C’est ainsi que, vers la mi-novembre, La Garde vit arriver à l’Hôtel du parc le général Weygand, délégué général du Gouvernement en Afrique française, véritable patron de l’empire colonial préservé jusqu’alors de la main-mise allemande.

Le capitaine put observer pendant quelques jours les allers et venues de l’amiral Darlan et de quelques ministres.

(…)

Le Renseignement

(…)

Si La Garde personnelle avait pour mission d’assurer la sécurité du Maréchal, son souci ne consistait pas seulement dans la parfaite organisation des escortes ou des parades. Pendant ces dix-huit mois passés à sa tête, le Capitaine n’avait pas oublié sa formation reçue au cinquième bureau de l’état-major des armées, lors des stages de contre-espionnage de 1939. Peut-être ce détail qui lui avait échappé n’était-il d’ailleurs pas étranger à sa nomination au poste qu’il occupait. Alors, il mit toute sa compétence, désormais, au service de cette cause en adhérant, avec son subordonné le lieutenant Frumin, au service de renseignement “Alliance“ dirigé par le commandant d’aviation Faye, puis par Marie-Madeleine Méric, et dont le chef de secteur en était le capitaine Fradelle, alias “Corsaire”.

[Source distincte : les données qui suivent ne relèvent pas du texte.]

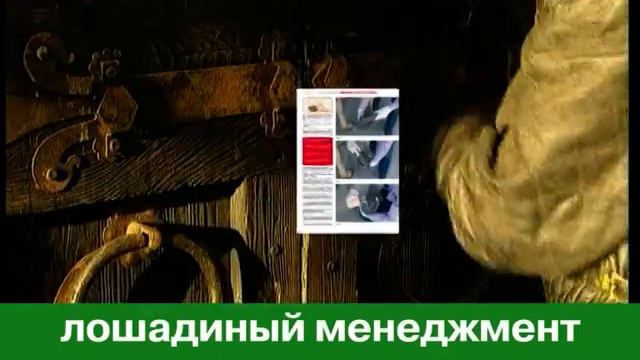 Журнал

De cette activité secrète, le Capitaine ne dira jamais rien à personne, même et surtout pas aux siens.

(…)

Plus tard, en juin 44, le Capitaine, sous d’autres cieux, apprendra l’arrestation par les Allemands de douze officiers à Vichy, dont deux officiers de La Garde personnelle.

(…)

Le capitaine Delmas, devenu chef d’escadron, que le Capitaine avait remplacé deux ans plus tôt au commandement de la compagnie de La Garde personnelle à Vichy, sera arrêté par la police secrète allemande et mourra en déportation.

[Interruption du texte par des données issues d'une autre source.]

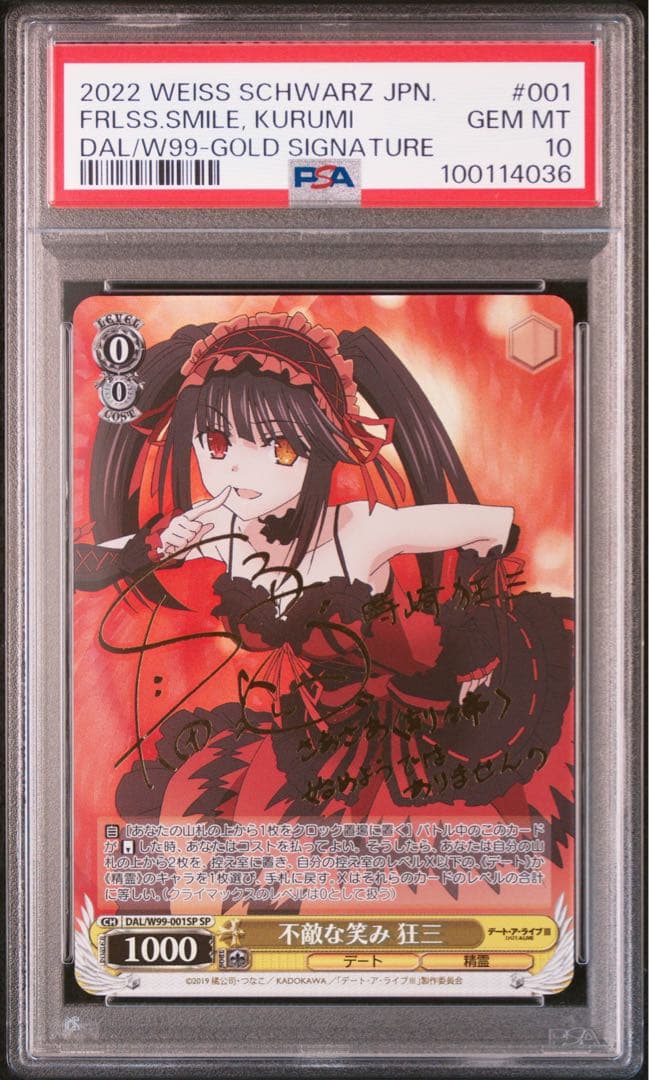 PSA10　不敵な笑み　狂三　ヴァイス　サイン　デートアライブ　デアラ　SP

Le lieutenant Frumin, adjoint et ami du Capitaine que celui-ci avait rejoint dans le réseau “Alliance“, sera arrêté par la Gestapo en septembre 43 à la suite, sans doute, d’indiscrétions commises par un membre d’un autre noyau fréquenté par le lieutenant. Torturé à la prison de Rastatt, il ne livrera aucun nom du réseau. Il paiera de sa vie son attachement à la cause de la Résistance.